Question

Build a circuit using \(OR\) gates, \(AND\) gates, and inverters that produces an output of \({\bf{1}}\) if a decimal digit, encoded using a binary coded decimal expansion, is divisible by \(3\), and an output of \(0\) otherwise.

Short answer

The Minimal expansion is \({\bf{wz + \bar xyz + xy\bar z + \bar w\bar x\bar y\bar z}}\)

Step-by-step solution

Definition

The complement is represented by an inverter in a circuit.

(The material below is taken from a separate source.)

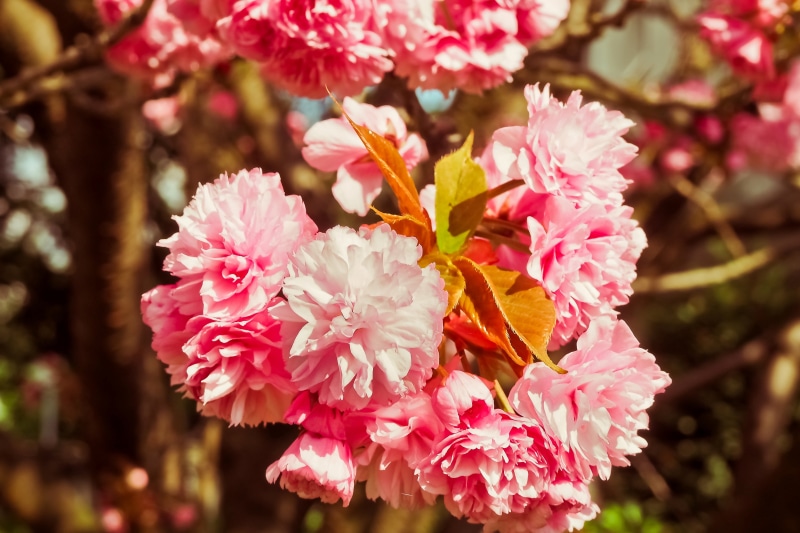 spring awakening, harbinger of spring, spring fever, tree, blossom, close-up, plant, beauty in nature, gardens, bud, sunny, cherry blossom, pink color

The Boolean sum is represented by an \(OR\) gate in a circuit.

The Boolean product is represented by an \(AND\) gate in a circuit.

The complement of an element: \({\bf{\bar 0 = 1}}\) and \({\bf{\bar 1 = 0}}\)

The Boolean sum \({\bf{ + }}\) or \(OR\) is \({\bf{1}}\) if either term is \({\bf{1}}\).

The Boolean product \( \cdot \)or \(AND\) is \({\bf{1}}\) if both terms are \({\bf{1}}\).

Mapping

A \(K{\bf{ - }}\)map for a function in four variables is a table with four columns \(yz,y\bar z,\bar y\bar z\) and \(\bar yz\); which contains all possible combinations of \(y\) and \(z\) and four rows \(wx,w\bar x,\bar w\bar x\) and \(\bar wx\); which contains all possible combinations of \(w\) and \(x\).

We place a \(d\) in the first row and in the first two cells of the second row of the \(K{\bf{ - }}\)map.

The input will be divisible by \(3\) if the digit is \({\bf{0}}\)(\(0000\) or equivalently \(\bar w\bar x\bar y\bar z\)), \(3\)(\(0011\) or equivalently \(\bar w\bar xyz\)), \(6\)(\(0110\) or equivalently \(\bar wxy\bar z\)), \(9\)(\(1001\) or equivalently \(w\bar x\bar yz\)), \(12\)(\(1100\) or equivalently \(wx\bar y\bar z\)) or \(15\)(\(1111\) or equivalently \(wxyz\)).

Place a \(1\) in the cells of the \(K{\bf{ - }}\)map for the numbers divisible by \(3\) (and that don't contain a \(d\)).

Minimal expansion

\(\bar w\bar x\bar y\bar z\) is isolated in the above graph, thus \(\bar w\bar x\bar y\bar z\) needs to be contained in the minimal expansion.

\(w\bar x\bar yz\)is contained in the block \(wz\) (which is the largest block containing the cell and other cells with \(1\)'s/\(d\)'s).

\(\bar w\bar xyz\)is contained in the block \(\bar xyz\) (which is the largest block containing the cell and other cells with \(1\) 's/\(d\)'s).

\(\bar wxy\bar z\)is contained in the block \(xy\bar z\) (which is the largest block containing the cell and other cells with \(1\) 's/\(d\)'s).

The Minimal expansion is the sum of the blocks.

Therefore, the Minimal expansion \({\bf{wz + \bar xyz + xy\bar z + \bar w\bar x\bar y\bar z}}\).